Nothing should be left out when you copy the entries below.

Start of Records for the exercise

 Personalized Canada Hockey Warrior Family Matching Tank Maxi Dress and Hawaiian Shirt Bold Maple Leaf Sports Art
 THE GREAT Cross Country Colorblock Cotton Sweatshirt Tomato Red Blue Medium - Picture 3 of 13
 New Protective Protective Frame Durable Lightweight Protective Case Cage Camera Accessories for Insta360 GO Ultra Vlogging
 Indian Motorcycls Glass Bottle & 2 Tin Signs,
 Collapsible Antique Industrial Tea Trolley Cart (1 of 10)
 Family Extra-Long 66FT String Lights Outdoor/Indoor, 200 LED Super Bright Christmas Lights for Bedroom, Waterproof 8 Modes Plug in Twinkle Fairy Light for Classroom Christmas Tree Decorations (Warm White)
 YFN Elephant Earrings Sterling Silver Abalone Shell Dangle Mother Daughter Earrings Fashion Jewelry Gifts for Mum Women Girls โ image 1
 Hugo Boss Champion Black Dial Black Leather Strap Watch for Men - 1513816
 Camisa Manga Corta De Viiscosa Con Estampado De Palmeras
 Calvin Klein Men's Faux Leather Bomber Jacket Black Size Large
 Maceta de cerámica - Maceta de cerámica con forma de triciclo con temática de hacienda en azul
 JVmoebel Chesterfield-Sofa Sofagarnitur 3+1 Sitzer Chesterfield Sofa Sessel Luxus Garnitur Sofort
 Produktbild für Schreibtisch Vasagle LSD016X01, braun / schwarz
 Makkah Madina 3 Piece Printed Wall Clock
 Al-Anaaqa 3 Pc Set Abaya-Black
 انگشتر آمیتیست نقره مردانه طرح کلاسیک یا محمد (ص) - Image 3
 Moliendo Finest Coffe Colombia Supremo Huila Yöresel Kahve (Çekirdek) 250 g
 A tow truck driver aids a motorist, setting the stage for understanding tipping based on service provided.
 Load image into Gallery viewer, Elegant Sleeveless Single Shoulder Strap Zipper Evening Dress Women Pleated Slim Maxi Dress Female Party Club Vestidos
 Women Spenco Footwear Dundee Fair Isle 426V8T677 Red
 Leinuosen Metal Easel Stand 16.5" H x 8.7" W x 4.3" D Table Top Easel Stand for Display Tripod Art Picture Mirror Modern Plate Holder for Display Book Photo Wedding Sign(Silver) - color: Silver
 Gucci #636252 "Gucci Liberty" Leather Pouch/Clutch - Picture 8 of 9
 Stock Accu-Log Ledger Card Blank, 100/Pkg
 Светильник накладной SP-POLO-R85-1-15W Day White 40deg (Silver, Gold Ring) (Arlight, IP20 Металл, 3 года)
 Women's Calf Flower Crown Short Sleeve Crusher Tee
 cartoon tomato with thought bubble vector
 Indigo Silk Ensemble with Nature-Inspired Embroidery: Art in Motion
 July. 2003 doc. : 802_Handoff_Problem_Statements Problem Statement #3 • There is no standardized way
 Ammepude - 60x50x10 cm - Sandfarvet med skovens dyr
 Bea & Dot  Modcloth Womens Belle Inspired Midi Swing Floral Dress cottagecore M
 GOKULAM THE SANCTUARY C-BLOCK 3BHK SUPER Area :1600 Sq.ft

End of Records for the exercise

Response below.
 Personalized Canada Hockey Warrior Family Matching Tank Maxi Dress and Hawaiian Shirt Bold Maple Leaf Sports Art
 THE GREAT Cross Country Colorblock Cotton Sweatshirt Tomato Red Blue Medium - Picture 3 of 13
 New Protective Protective Frame Durable Lightweight Protective Case Cage Camera Accessories for Insta360 GO Ultra Vlogging
 Indian Motorcycls Glass Bottle & 2 Tin Signs,
 Collapsible Antique Industrial Tea Trolley Cart (1 of 10)
 Family Extra-Long 66FT String Lights Outdoor/Indoor, 200 LED Super Bright Christmas Lights for Bedroom, Waterproof 8 Modes Plug in Twinkle Fairy Light for Classroom Christmas Tree Decorations (Warm White)
 YFN Elephant Earrings Sterling Silver Abalone Shell Dangle Mother Daughter Earrings Fashion Jewelry Gifts for Mum Women Girls โ image 1
 Hugo Boss Champion Black Dial Black Leather Strap Watch for Men - 1513816
 Camisa Manga Corta De Viiscosa Con Estampado De Palmeras
 Calvin Klein Men's Faux Leather Bomber Jacket Black Size Large
 Maceta de cerámica - Maceta de cerámica con forma de triciclo con temática de hacienda en azul
 JVmoebel Chesterfield-Sofa Sofagarnitur 3+1 Sitzer Chesterfield Sofa Sessel Luxus Garnitur Sofort
 Produktbild für Schreibtisch Vasagle LSD016X01, braun / schwarz
 Makkah Madina 3 Piece Printed Wall Clock
 Al-Anaaqa 3 Pc Set Abaya-Black
 انگشتر آمیتیست نقره مردانه طرح کلاسیک یا محمد (ص) - Image 3
 Moliendo Finest Coffe Colombia Supremo Huila Yöresel Kahve (Çekirdek) 250 g
 A tow truck driver aids a motorist, setting the stage for understanding tipping based on service provided.
 Load image into Gallery viewer, Elegant Sleeveless Single Shoulder Strap Zipper Evening Dress Women Pleated Slim Maxi Dress Female Party Club Vestidos
 Women Spenco Footwear Dundee Fair Isle 426V8T677 Red
 Leinuosen Metal Easel Stand 16.5" H x 8.7" W x 4.3" D Table Top Easel Stand for Display Tripod Art Picture Mirror Modern Plate Holder for Display Book Photo Wedding Sign(Silver) - color: Silver
 Gucci #636252 "Gucci Liberty" Leather Pouch/Clutch - Picture 8 of 9
 Stock Accu-Log Ledger Card Blank, 100/Pkg
 Светильник накладной SP-POLO-R85-1-15W Day White 40deg (Silver, Gold Ring) (Arlight, IP20 Металл, 3 года)
 Women's Calf Flower Crown Short Sleeve Crusher Tee
 cartoon tomato with thought bubble vector
 Indigo Silk Ensemble with Nature-Inspired Embroidery: Art in Motion
 July. 2003 doc. : 802_Handoff_Problem_Statements Problem Statement #3 • There is no standardized way
 Ammepude - 60x50x10 cm - Sandfarvet med skovens dyr
 Bea & Dot  Modcloth Womens Belle Inspired Midi Swing Floral Dress cottagecore M
 GOKULAM THE SANCTUARY C-BLOCK 3BHK SUPER Area :1600 Sq.ft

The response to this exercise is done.